* [Task requirements]
The output should match, line for line, the records from the line containing "snow covered property with a deck" through the line containing "Stack of die-cut", with every picture left out.

(Records from a data collection)

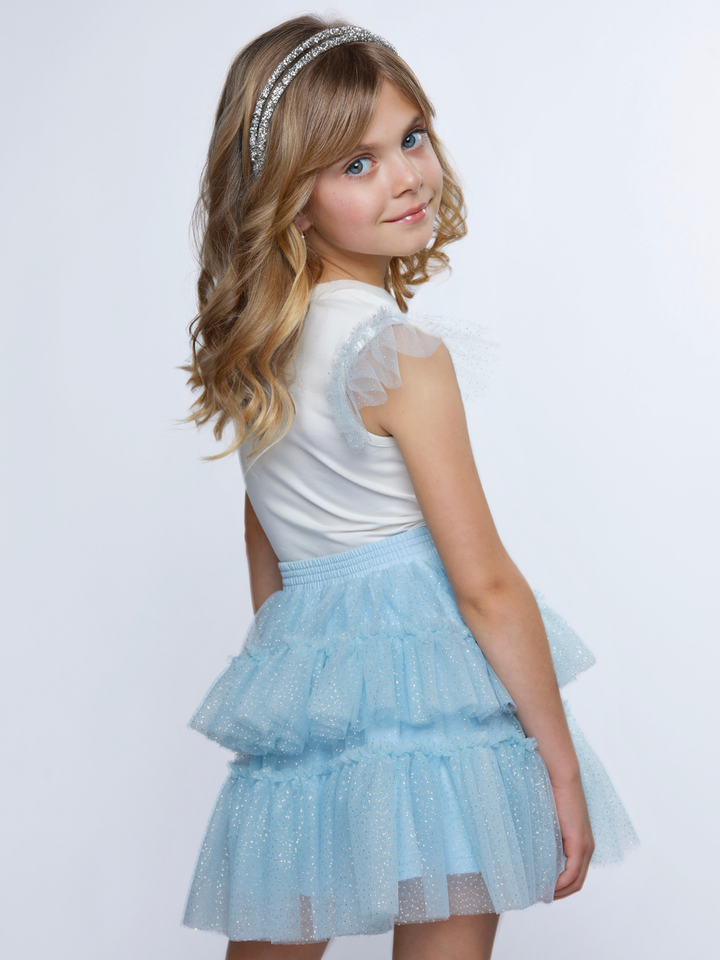 Side view of girls blue tutu skirt set with bow top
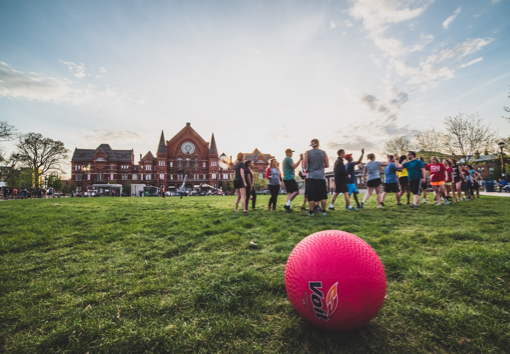 young adults playing kickball in Washington Park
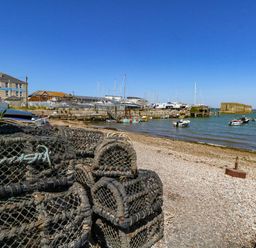 A waterfront scene with boats and fishing traps at Chandlers Nook in Portland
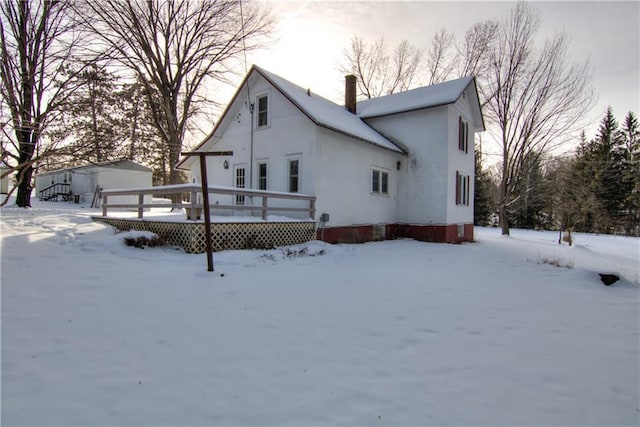 snow covered property with a deck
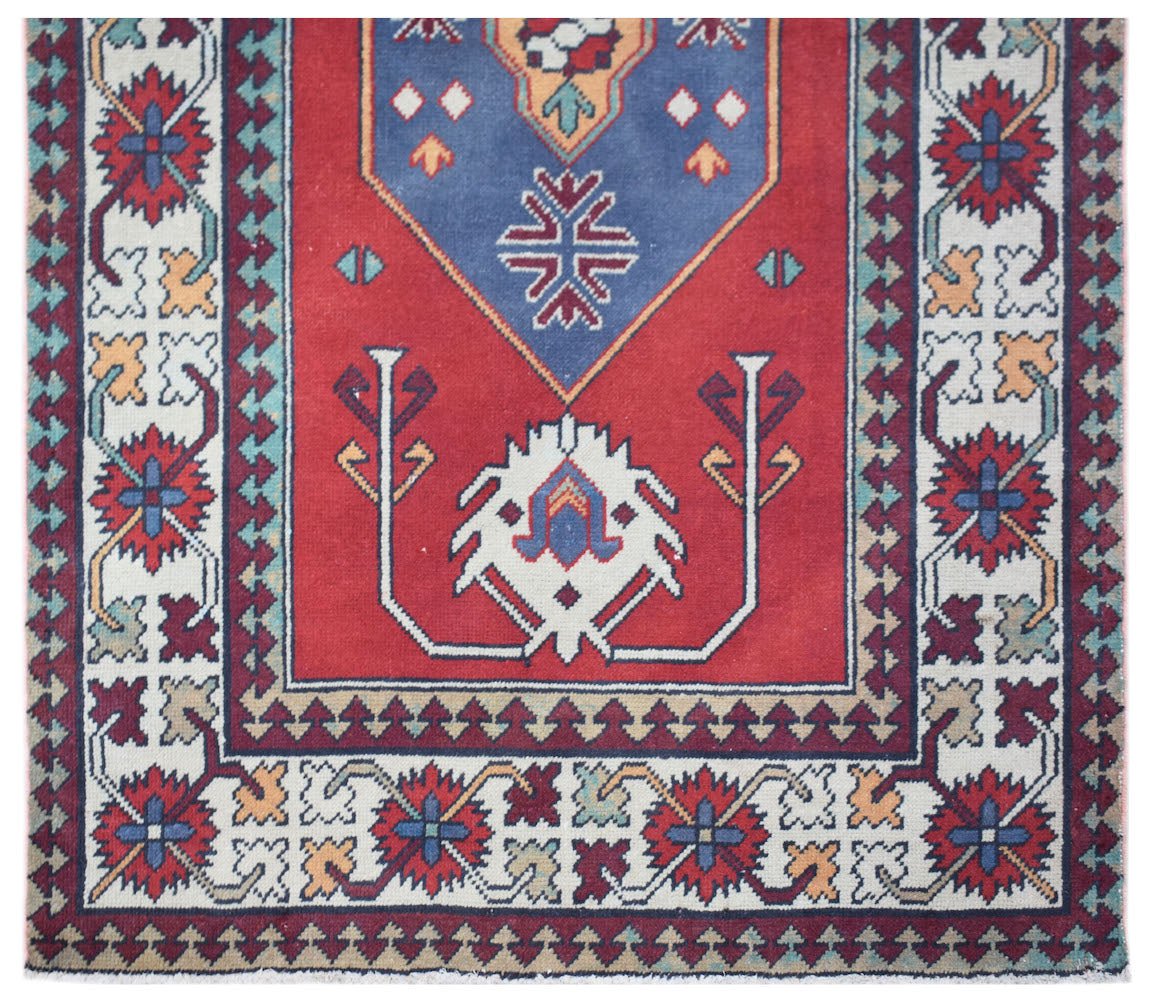 A vintage Turkish runner rug featuring a red field with a blue medallion and geometric patterns.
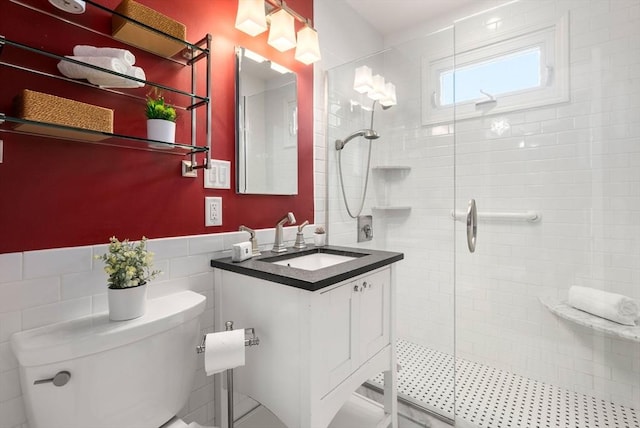 bathroom with vanity, tile walls, toilet, and a shower stall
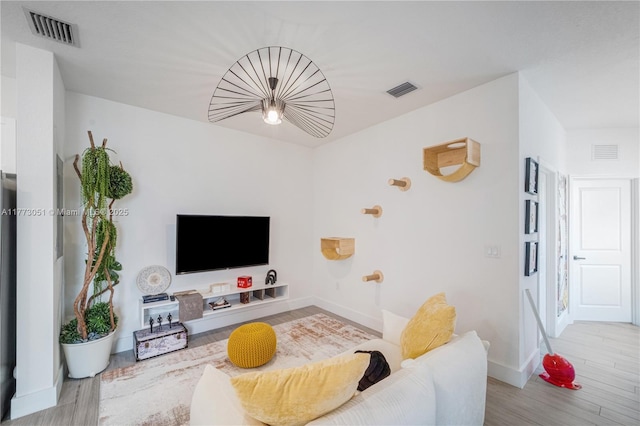 living area featuring baseboards, visible vents, and wood finished floors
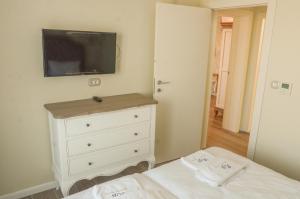 1 dormitorio con tocador y TV en la pared en Residence Bilyana en Svilengrad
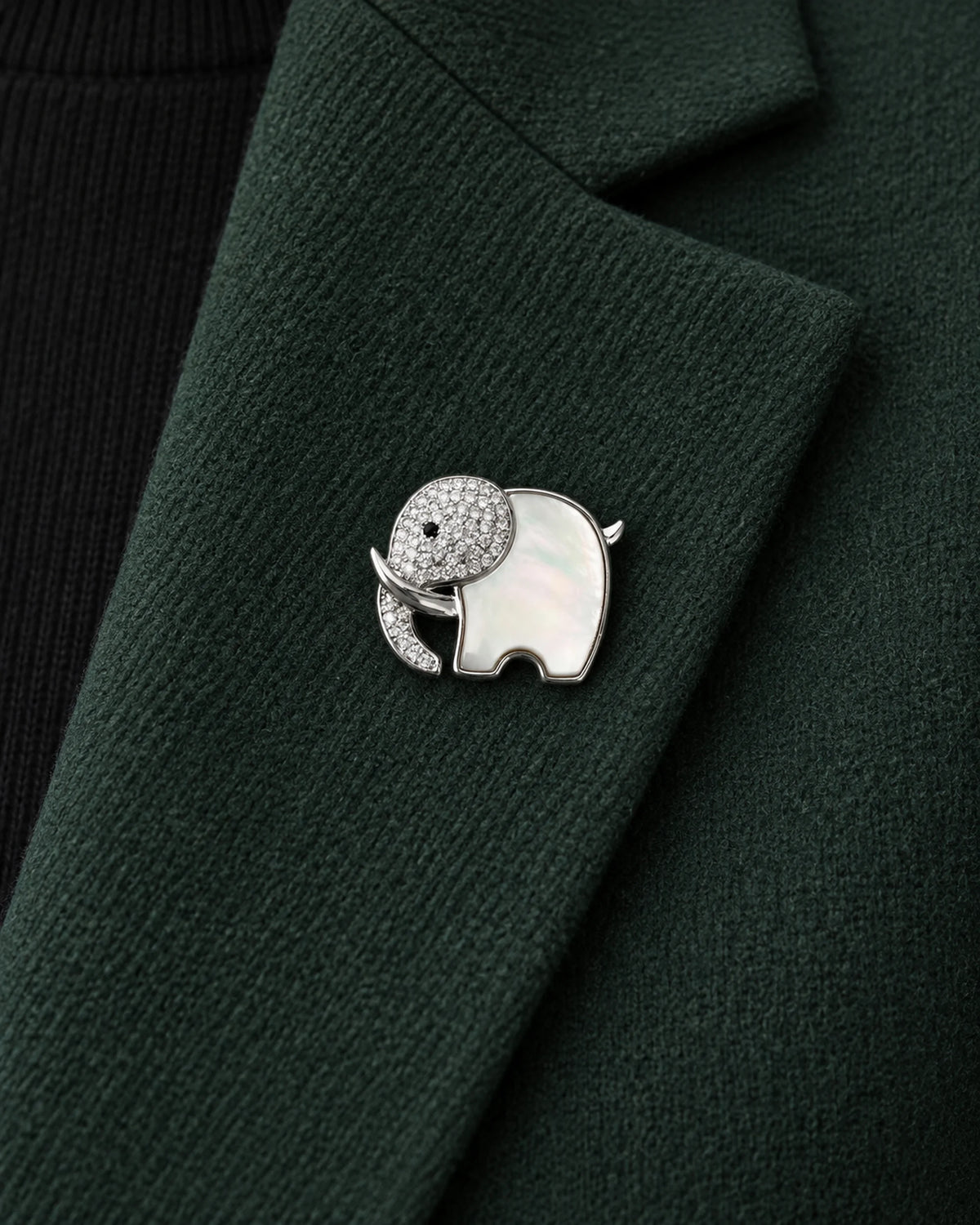 Elli Shell Elephant Magnetic Brooch, Silver & White worn on a green jacket lapel, close view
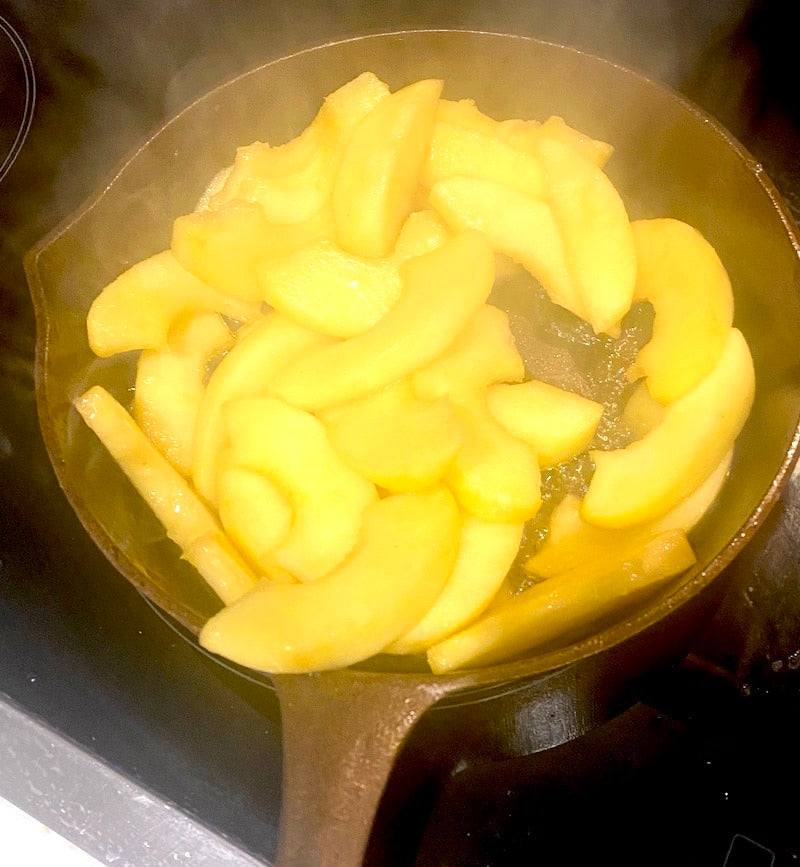 Sliced apples being fried in a cast iron skillet on a stovetop.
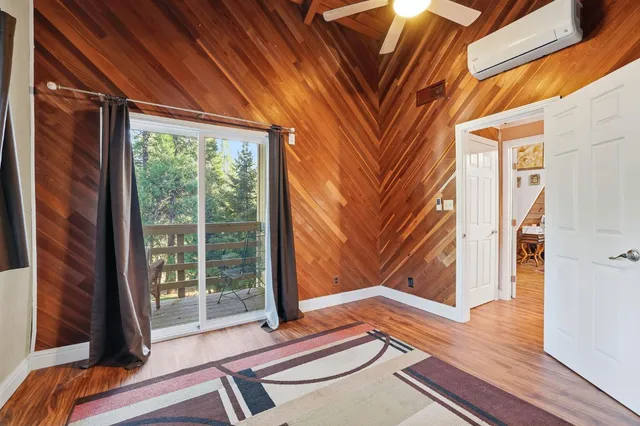 a view of a house with a yard and large trees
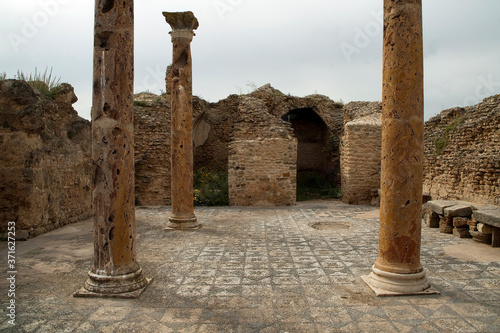 Thuburbo Majus Tunisia, roman ruins with columns and mosaic floor photo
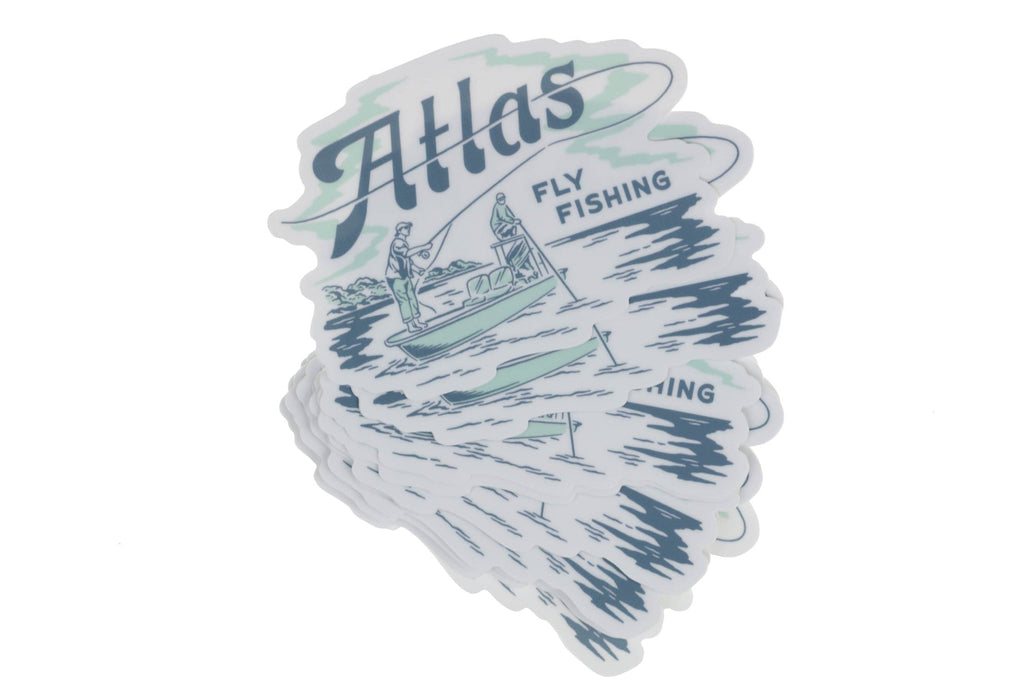 Stack of die-cut Atlas fly fishing stickers in white vinyl with blue and mint green boat illustration and vintage script logo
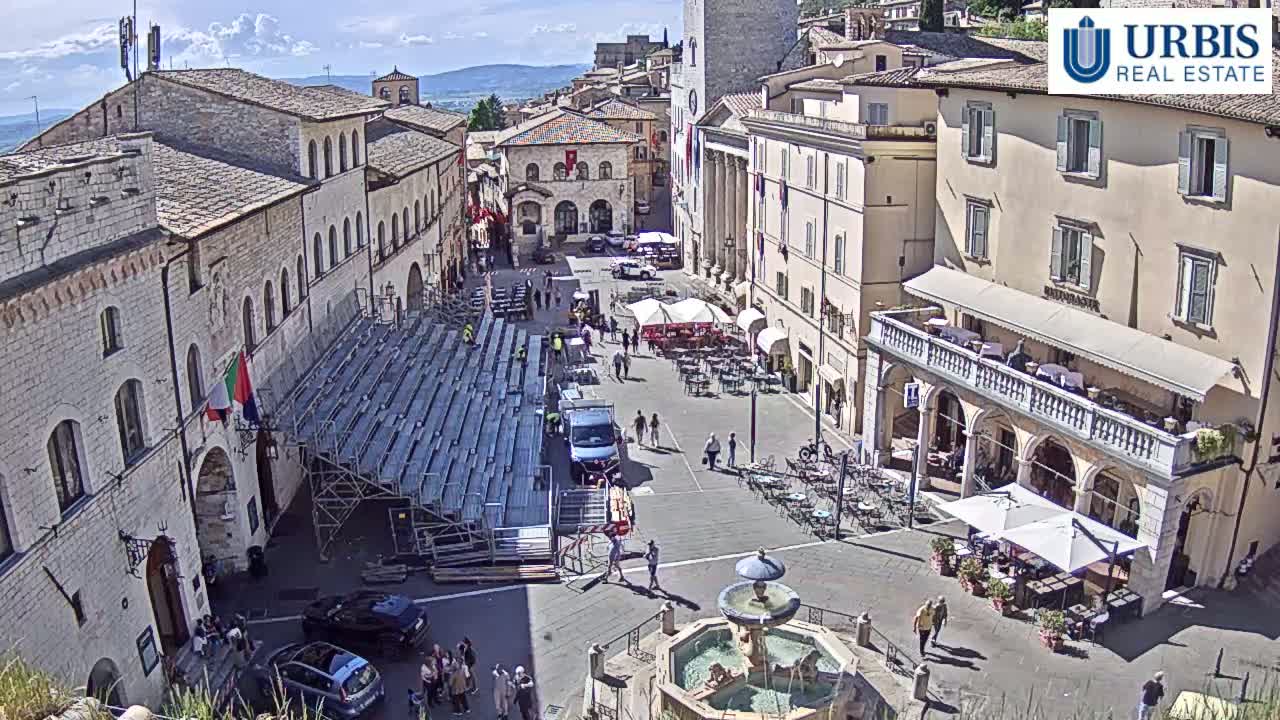A sunny town square in a European-style town, with temporary bleachers set up, outdoor seating areas at cafes, a fountain, and several people walking around.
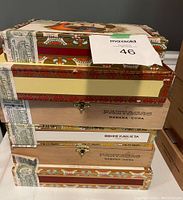 Top view of stacked six cigar boxes showing Partagas and Romeo y Julieta branding and seal labels on edges.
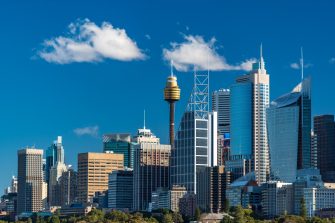 Sydney skyline with Sydney Tower and Sydney Business District skyscrapers on sunny day. Modern cityscape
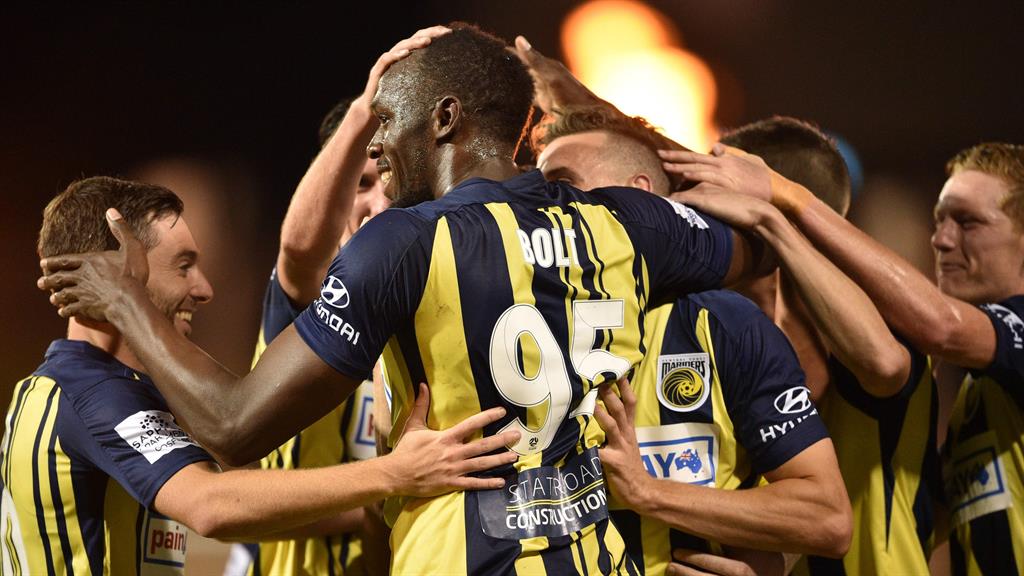 Lightning Bolt: The former sprinter (centre) takes the acclaim of his teammates after scoring his first goal for Central Coast Mariners
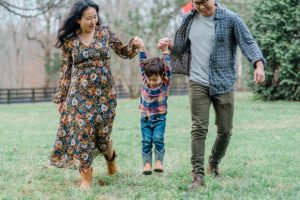 couple swings kid during TN family photos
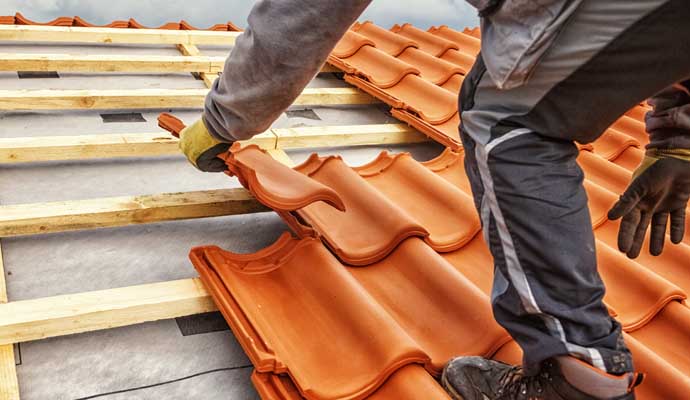 Professional installing a new tile roof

* [Answer to the problem]
 snow covered property with a deck
 A vintage Turkish runner rug featuring a red field with a blue medallion and geometric patterns.
 bathroom with vanity, tile walls, toilet, and a shower stall
 living area featuring baseboards, visible vents, and wood finished floors
 1 dormitorio con tocador y TV en la pared en Residence Bilyana en Svilengrad
 Elli Shell Elephant Magnetic Brooch, Silver & White worn on a green jacket lapel, close view
 Sliced apples being fried in a cast iron skillet on a stovetop.
 a view of a house with a yard and large trees
 Thuburbo Majus Tunisia, roman ruins with columns and mosaic floor photo
 Stack of die-cut Atlas fly fishing stickers in white vinyl with blue and mint green boat illustration and vintage script logo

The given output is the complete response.